**TASK TO COMPLETE**
Set down the data below exactly; pictures stay out.

**SOURCE MATERIAL**
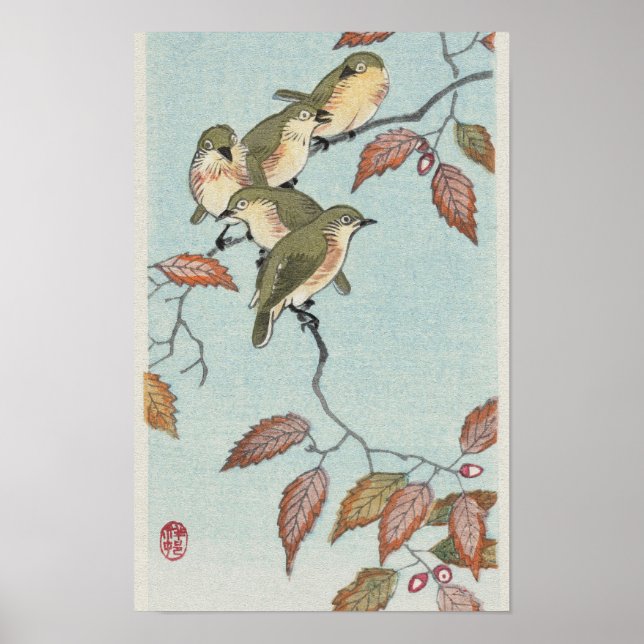 Póster Aves en una sucursal de Ohara Koson (Frente)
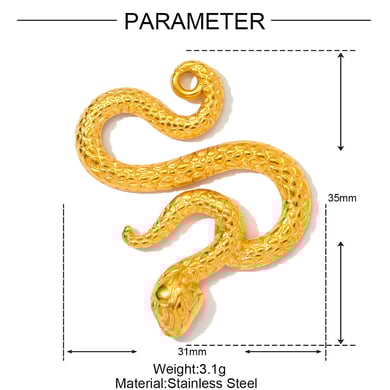 1 Piece Classic Series DIY Snake Stainless Steel Gold Color Women's Pendants h5 Picture2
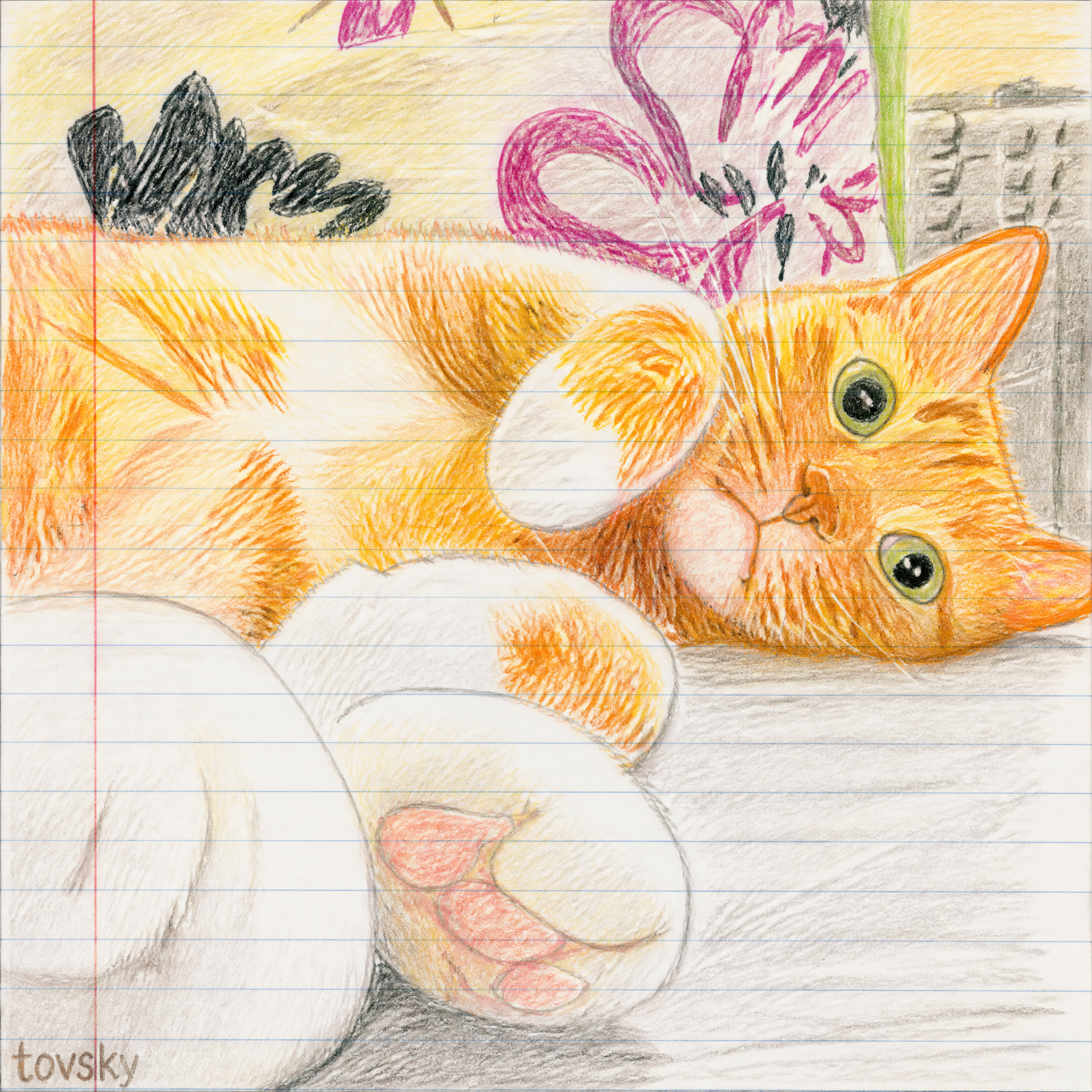 Child's Colored Pencil Sketch on Notebook Paper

**EXERCISE RESPONSE**
 Póster Aves en una sucursal de Ohara Koson (Frente)
 1 Piece Classic Series DIY Snake Stainless Steel Gold Color Women's Pendants h5 Picture2
 Child's Colored Pencil Sketch on Notebook Paper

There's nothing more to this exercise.